Yeah, like… it’s not even actually the English /j/, which in IPA is [d͡ʒ]. The /j/ in Beijing is this sound: [t͡ɕ] which doesn’t exist in English. Saying “bay-JING” is still “wrong”, especially sans the correct tones.
Languages will always have their own pronunciations of foreign words, especially when adapting sounds that are not in their phonology. Like, I’m not here in Korea telling people they shouldn’t pronounce “pizza” as [’pidʑa] in Korean just because it happens to come from an English word (the pronunciation of which is different from the original Italian). I’ll correct them in English, sure, because in English it might impede understanding (especially when “zoo” becomes “Jew”), but in Korean? That’s the word, and there’s no point in being condescending about it.
also, why is this addressed to ‘white people’ as if kenyans and pakistanis definitely pronounce beijing with a hard j? that’s so tumblr.
dear OP, i know you mean well, but please be cool. pretty sure you mispronounce copenhagen and moscow.
people who dont even care about language: how can you just CHANGE grammar??? add new wORds?? unacceptable!!! language must never change!!!!!11 kids these days cant even spell!!
people who study language: ANARCHY!! ANARCHY!!!! LANGUAGE IS FLUID AND WORDS AREN’T REAL!! change! the! grammar! rules!! burn a dictionary!!! NO ONE CARES!!!!!
i understand the historical reasons why English is the most common language
but if I was writing a speculative fiction novel
and I said “the language that most people learn as a second language, usually for professional reasons, is also the only one with a spelling system so terrible that spelling words correctly is a broadcasted competition”
you’d be like “extremely unrealistic 0/10”
i never thought of this, do other languages not have spelling bees?
no offense but! i wish american students would stop seeing foreign language classes as just an academic requirement but an opportunity to learn part of another culture!

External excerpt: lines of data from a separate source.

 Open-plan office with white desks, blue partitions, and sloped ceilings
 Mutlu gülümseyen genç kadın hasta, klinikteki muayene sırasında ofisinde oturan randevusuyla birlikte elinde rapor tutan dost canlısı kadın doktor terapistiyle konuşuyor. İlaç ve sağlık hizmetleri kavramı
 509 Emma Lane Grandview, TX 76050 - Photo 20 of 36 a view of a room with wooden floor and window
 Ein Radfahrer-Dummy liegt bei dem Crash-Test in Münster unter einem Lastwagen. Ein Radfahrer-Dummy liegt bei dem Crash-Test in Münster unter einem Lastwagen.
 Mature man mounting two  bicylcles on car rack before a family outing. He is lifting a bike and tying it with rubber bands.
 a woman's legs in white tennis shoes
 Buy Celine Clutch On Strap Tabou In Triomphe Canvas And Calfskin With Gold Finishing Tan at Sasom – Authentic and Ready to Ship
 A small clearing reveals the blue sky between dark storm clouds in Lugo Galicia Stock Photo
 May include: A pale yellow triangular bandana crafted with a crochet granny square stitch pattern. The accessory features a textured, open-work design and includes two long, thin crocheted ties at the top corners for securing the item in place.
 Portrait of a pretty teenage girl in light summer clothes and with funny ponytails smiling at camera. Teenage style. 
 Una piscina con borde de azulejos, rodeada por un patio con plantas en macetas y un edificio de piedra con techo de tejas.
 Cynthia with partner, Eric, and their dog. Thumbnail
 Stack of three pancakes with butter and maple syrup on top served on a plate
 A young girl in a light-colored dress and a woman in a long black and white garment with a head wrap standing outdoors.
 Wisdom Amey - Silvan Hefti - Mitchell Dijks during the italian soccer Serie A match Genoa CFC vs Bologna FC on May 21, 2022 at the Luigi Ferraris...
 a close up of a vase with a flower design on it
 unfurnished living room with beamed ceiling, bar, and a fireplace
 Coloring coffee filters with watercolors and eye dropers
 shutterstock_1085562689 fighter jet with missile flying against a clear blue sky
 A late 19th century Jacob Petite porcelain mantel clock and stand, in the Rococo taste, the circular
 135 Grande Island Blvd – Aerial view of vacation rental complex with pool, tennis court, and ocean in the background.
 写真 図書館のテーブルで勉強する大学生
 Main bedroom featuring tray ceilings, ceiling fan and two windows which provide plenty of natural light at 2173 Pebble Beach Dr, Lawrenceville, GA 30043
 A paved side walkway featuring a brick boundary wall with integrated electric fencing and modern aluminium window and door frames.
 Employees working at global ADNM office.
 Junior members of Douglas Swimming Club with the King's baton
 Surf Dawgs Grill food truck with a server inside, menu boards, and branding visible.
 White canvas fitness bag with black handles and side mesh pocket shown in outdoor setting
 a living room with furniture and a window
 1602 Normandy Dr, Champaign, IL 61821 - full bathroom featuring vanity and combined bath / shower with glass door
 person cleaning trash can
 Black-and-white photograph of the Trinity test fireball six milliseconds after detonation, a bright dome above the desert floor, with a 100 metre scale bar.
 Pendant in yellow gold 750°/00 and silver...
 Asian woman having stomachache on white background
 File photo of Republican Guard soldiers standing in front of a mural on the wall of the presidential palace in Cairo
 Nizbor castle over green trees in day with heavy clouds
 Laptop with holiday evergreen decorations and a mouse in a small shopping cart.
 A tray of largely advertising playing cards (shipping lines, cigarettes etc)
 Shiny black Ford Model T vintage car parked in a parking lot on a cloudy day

I wish language education in english-speaking countries actually seemed to care about teaching us about another culture and learning a language for reasons other that it being useful, rather than just teaching us to pass an exam
I wish learning a second language was mandatory in the US and was taught to us at an early age when we are still developing language skills and comprehension so that its not so difficult to learn other language at a high school level.